Une sécheresse prolongée peut également nécessiter des adaptations parce qu'elle réduit le débit des cours d'eau. C'est ce qui s'est produit à Cattenom, en Moselle, cette semaine. En raison du faible débit du fleuve, EDF a dû prélever plus que d'habitude dans la retenue d'eau de Mirgenbach pour refroidir les installations de la centrale. Ces opérations « peuvent aboutir à la concentration, dans la retenue, de produits de traitement », explique l'électricien. EDF souligne que les chaleurs ont un impact très limité sur la génération d'électricité : en moyenne seulement 0,25 % de la production annuelle du parc au cours des vingt dernières années.

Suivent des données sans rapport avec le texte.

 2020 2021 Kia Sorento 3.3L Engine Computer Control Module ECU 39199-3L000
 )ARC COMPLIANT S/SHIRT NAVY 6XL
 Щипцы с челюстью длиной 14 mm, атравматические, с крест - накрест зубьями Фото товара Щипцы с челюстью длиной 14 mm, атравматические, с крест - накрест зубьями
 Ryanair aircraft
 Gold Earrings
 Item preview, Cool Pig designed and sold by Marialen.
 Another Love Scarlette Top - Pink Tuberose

« Mais les épisodes climatiques extrêmes plus fréquents et plus intenses mettent le parc nucléaire français en situation de stress », estime Yves Marignac, de l'association NégaWatt. Au-delà de l'environnement, les canicules « peuvent avoir des conséquences sur le fonctionnement des ventilations, des matériels de sûreté, et sur les capacités de refroidissement des systèmes de sûreté assurant l'évacuation de la puissance du réacteur », relève l'Institut de radioprotection et de sûreté nucléaire (IRSN) dans une note publiée fin juillet.
Les températures retenues lors de la conception des réacteurs « ont été dépassées en 2003 et 2006 », rappelle l'IRSN, ce qui a conduit EDF à renforcer les installations. « Des équipements ont été remplacés par de nouveaux matériels ayant une meilleure tenue à des températures élevées ». L'électricien réalise aussi des tests de température sur les groupes électrogènes de secours. Il s'agit là de « matériels essentiels à la sûreté des réacteurs dans différentes situations accidentelles », souligne l'IRSN. Or « de fortes températures peuvent perturber leur fonctionnement ».
Enfin EDF va réévaluer les températures à considérer pour chaque site dans le cadre des visites décennales qui ont démarré l'an dernier au Tricastin , afin de tenir compte du changement climatique. « L'avantage des épisodes caniculaires, c'est qu'ils sont anticipés, laissant le temps d'adapter la production avec des baisses de régime ou des arrêts », relève Yves Marignac. « Il subsiste néanmoins des incertitudes qui doivent être levées ».
La moindre disponibilité de l'énergie nucléaire en été pourrait aussi poser un problème de sécurité d'approvisionnement à terme, d'autant que la consommation électrique augmente en parallèle avec le recours accru à la climatisation. « C'est une contrainte supplémentaire en été pour le système électrique qui doit déjà tenir compte des arrêts pour maintenance », conclut le militant associatif.